## Activity
Once you find the line with "Used 2025 Jeep" in the data below, transcribe exactly each line from there to the line with "Premium Weightless C/C", inclusive, and nothing else. Drop the pictures.

━━━━━ Data ━━━━━

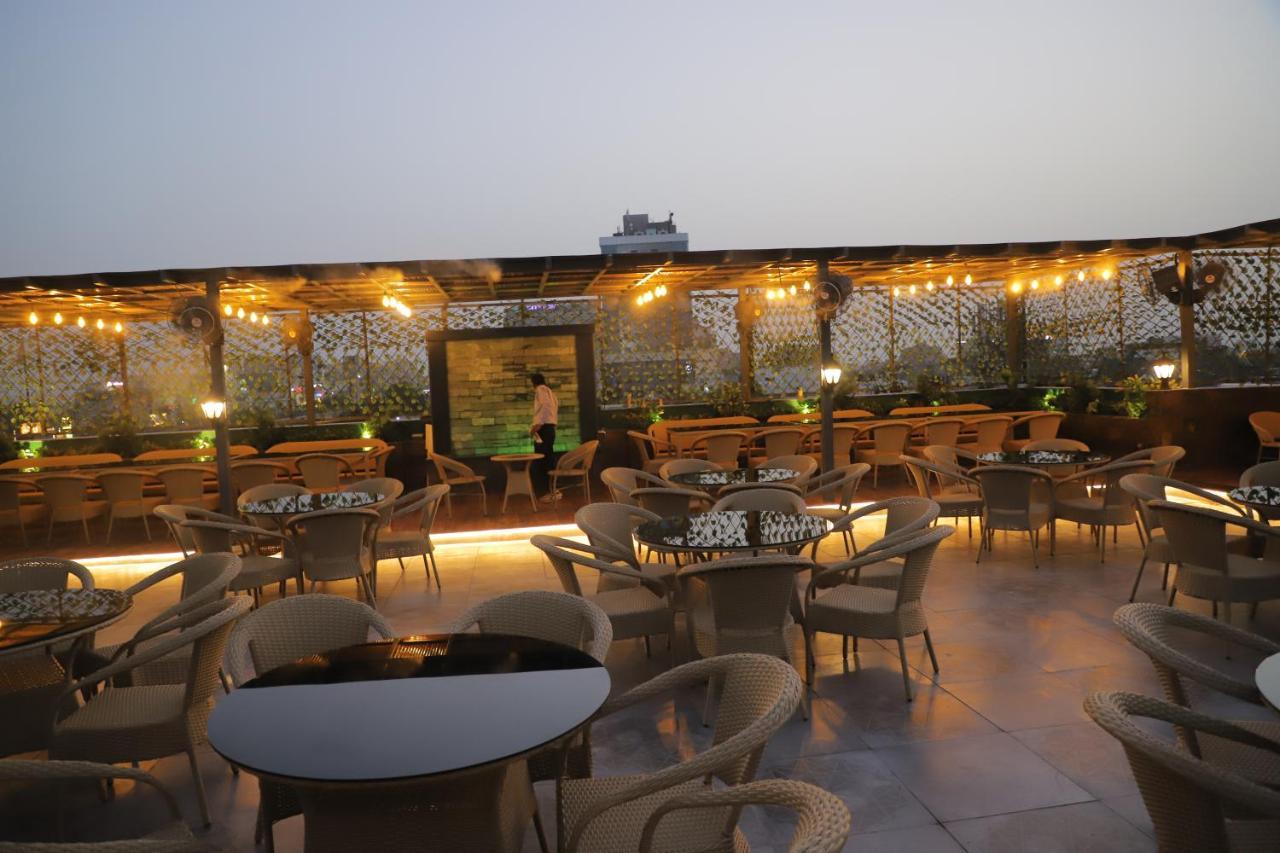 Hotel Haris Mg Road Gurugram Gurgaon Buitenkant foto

━━━━━
━━━━━ Data ━━━━━

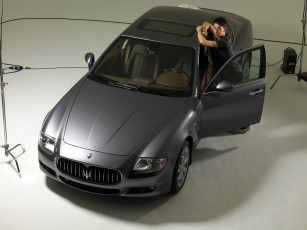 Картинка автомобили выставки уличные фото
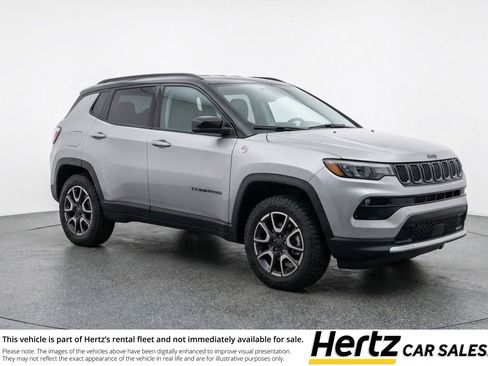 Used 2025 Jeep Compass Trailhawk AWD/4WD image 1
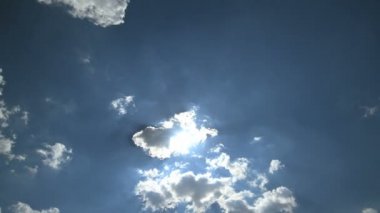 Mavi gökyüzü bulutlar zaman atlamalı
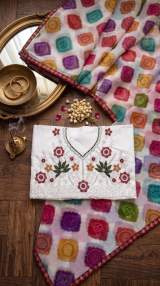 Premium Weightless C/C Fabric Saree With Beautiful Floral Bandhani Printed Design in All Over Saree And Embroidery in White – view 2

━━━━━

## Response to the exercise
 Used 2025 Jeep Compass Trailhawk AWD/4WD image 1
 Mavi gökyüzü bulutlar zaman atlamalı
 Premium Weightless C/C Fabric Saree With Beautiful Floral Bandhani Printed Design in All Over Saree And Embroidery in White – view 2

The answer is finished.